Innately Sufficient
Creation Time: 2025 Size: 76x90x124cm Material: Polyurethane Spray Foam, Spray Paint
This is the most personally fulfilling work that Song Jianshu has completed in recent times. To him, the piece carries deep personal significance, but beyond that, it holds no deliberate meaning. And yet, it constitutes a vital fragment of his creative and life experience. Since beginning his MFA studies, Song’s artistic focus has shifted toward the exploration of material language in sculpture. A core tenet of this approach is to let materials “speak” for themselves—to engage with their innate properties, and from that understanding, develop working methods that respond to the material’s nature, allowing one or multiple modes of expression to emerge.
At the time of creating this work, Song was also undergoing an introspective journey. He came to a realization almost intuitively:
When the Creator makes a cloud or a stone, is there any intent as to what it should resemble, or what it should express?
Ultimately, it is the viewer who projects their own emotions onto what has been created. People see white horses galloping in clouds, tigers crouched in stones, purity in the color white, and resilience in the hardness of rock. But in truth, a cloud is just a cloud, a stone merely a stone—a cloud is not white for sanctity, and a stone is not hard for strength. They simply are what they are.
When a sculptor forgets that he is shaping a cat, a dog, or a human form—when he releases himself from the need for representation—then every form he produces, every physical presence, becomes a sculpture in its own right. This is a return to the essence of material-based sculpture.
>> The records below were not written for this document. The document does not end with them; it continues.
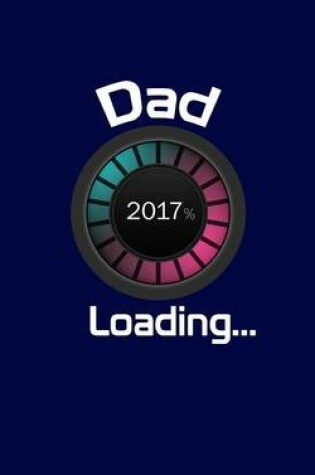 Cover of Dad 2017 Loading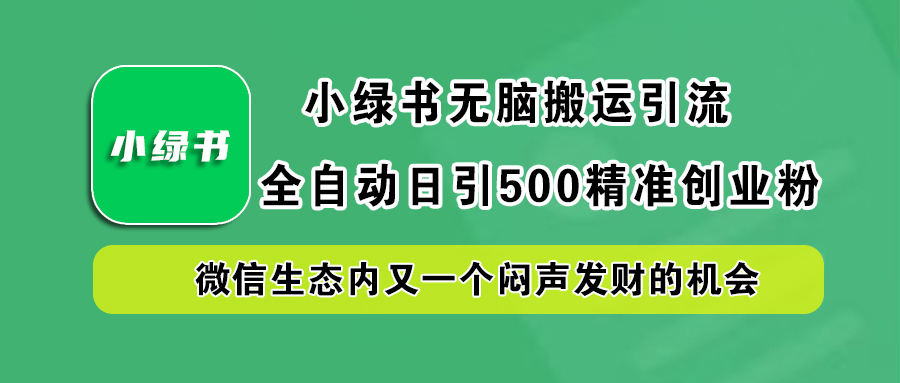 小绿书小白无脑搬运引流，全自动日引500精准创业粉，微信生态内又一个闷声发财的机会-小白搞钱
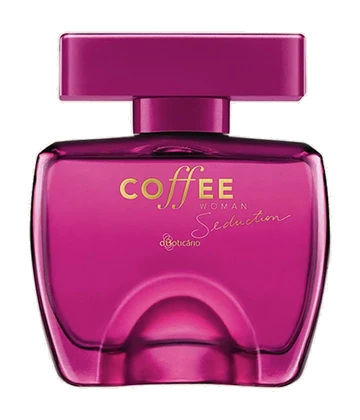 O Boticário Coffee Woman Seduction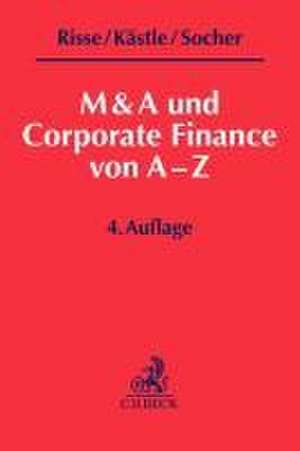 M&A und Corporate Finance von A-Z de Jörg Risse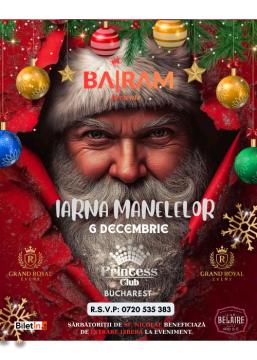 IARNA MANELELOR l BAIRAM PrincessClub Bucharest 
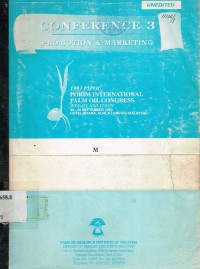 Conference 3: Promotion & Marketing (1993 PIPOC PORIM Inst. Palm Oil Congress update and vision 20-25 Sept. 1993 Hotel Iswara Kuala Lumpur, Malaysia)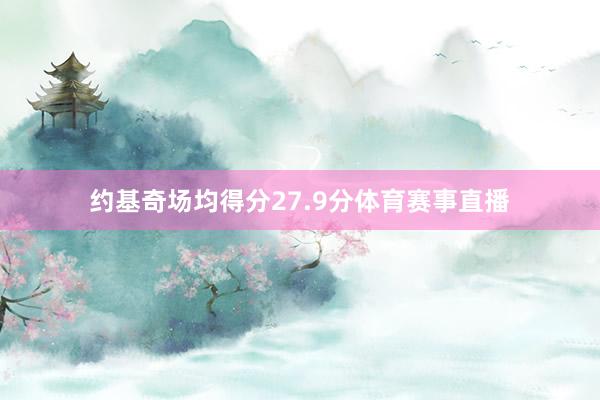 约基奇场均得分27.9分体育赛事直播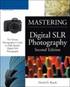 Mastering Digital SLR Photography 2nd Edition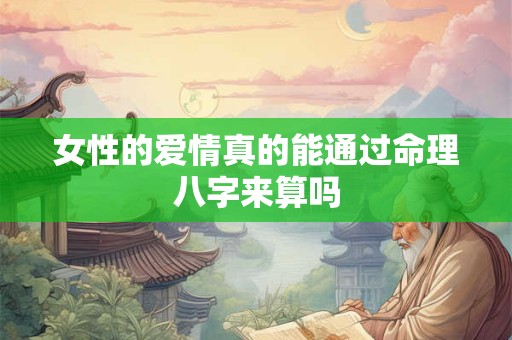 女性的爱情真的能通过命理八字来算吗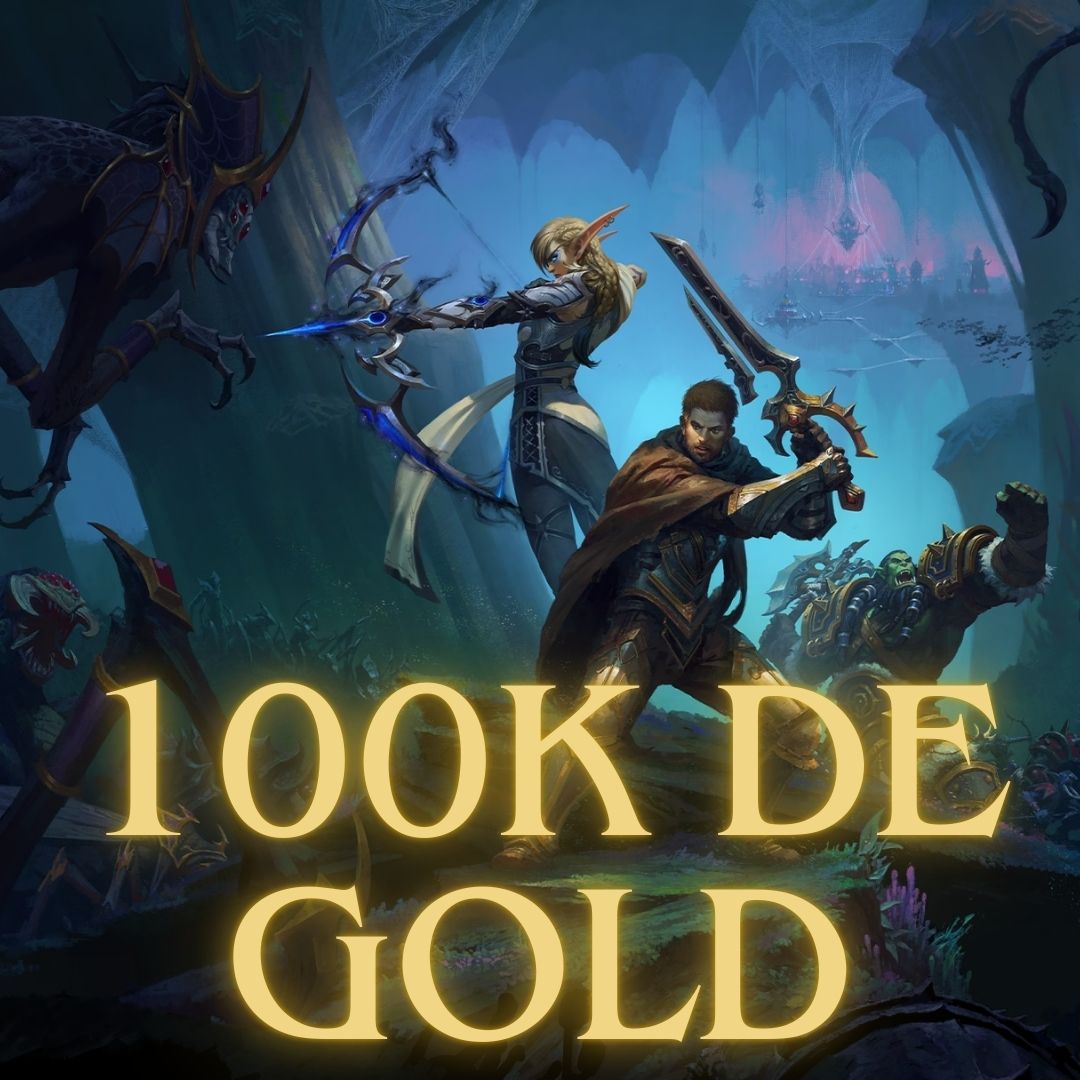 100k de Gold WoW compra segura e rápida 100k de Gold WoW compra segura e rápida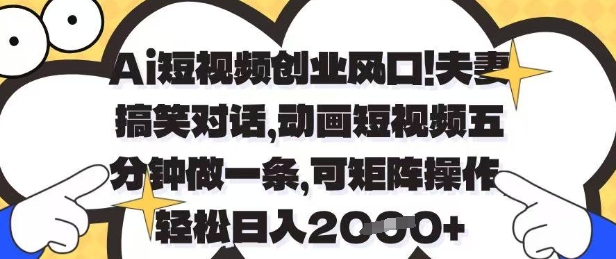 Ai短视频创业风口，夫妻搞笑对话，动画短视频五分钟做一条，可矩阵操作，轻松日入1k+【揭秘】-沐风资源库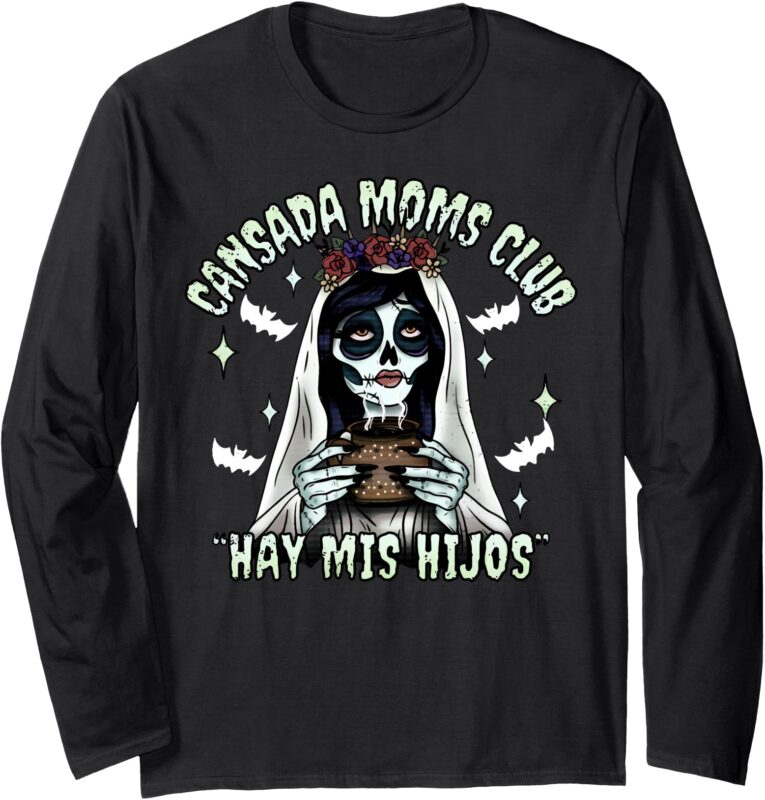 Cansada Moms Club Ay Mis Hijos Halloween Mexican Spooky Long Sleeve T-Shirt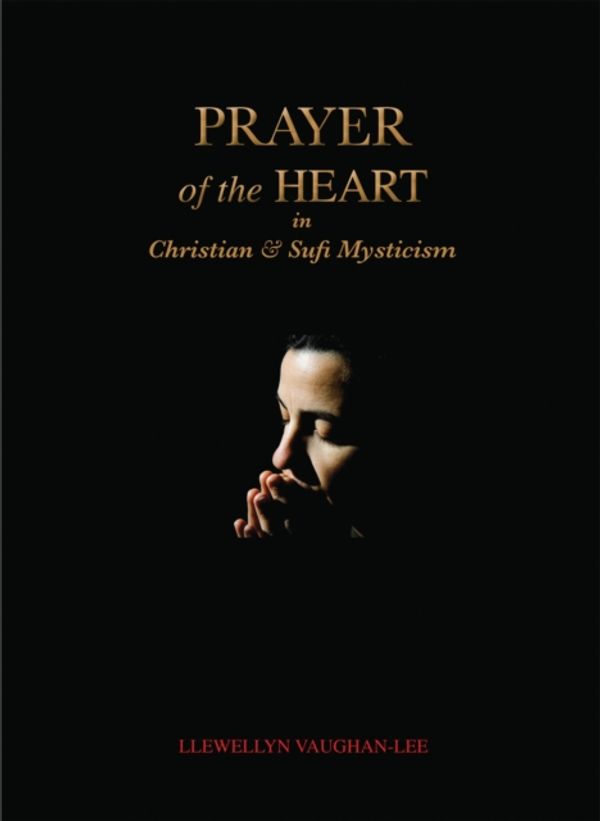 Cover Art for 9781890350352, Prayer of the Heart in Christian and Sufi Mysticism by Llewellyn Vaughan-Lee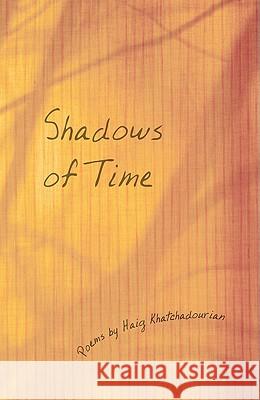 Shadows of Time Haig Khatchadourian 9781608998166 Wipf & Stock Publishers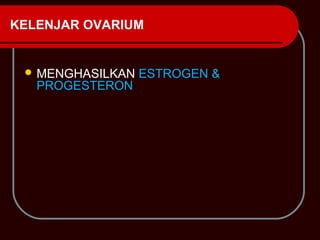 KELENJAR OVARIUM


  MENGHASILKAN   ESTROGEN &
   PROGESTERON
 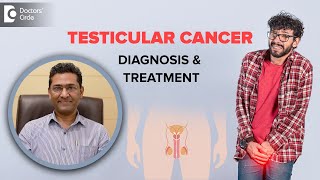 TESTICULAR CANCER- Warning Signs, Self Examination & Treatment- Dr. Girish Nelivigi |Doctors' Circle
In this work, Song focused solely on the present state of transformation in expanding foam. The simple armature serves only as structural support. The piece contains no reference to politics, history, identity, or culture. It tells no story, bears no symbols, carries no narrative. There is no effort to replicate a referent, no predetermined vision, no emphasis on control or accentuation of features. What exists is a pure, unforced interaction: a spontaneous dance between the artist and the material. As the foam expands, Song adjusted his gestures in real time—adding a little here, subtracting there—with fluidity and freedom. The foam, in its own generative process, resists complete control. In this way, both the material and the artist arrived at a kind of self-sufficient state.
No symbolic plant forms were needed to lend meaning to the piece. Its presence is defined purely by the looseness, freedom, and material immediacy of the signifier itself.
The artist reflects that throughout his career, art has often been the formalization and visual realization of thinking—an endeavor marked by pressure and anxiety. Only on rare occasions has he experienced a kind of unpremeditated clarity through engagement with a particular material—moments of artistic liberation. But this time, he feels he has more clearly grasped the logic behind such moments:
“The greatest truths are the simplest. The finest vessels require no crafting. The loudest sound is silence. The truest form is formless.”
To return faithfully to one’s own sensations and experiences with materials—this, he believes, is where the healing power of art truly begins.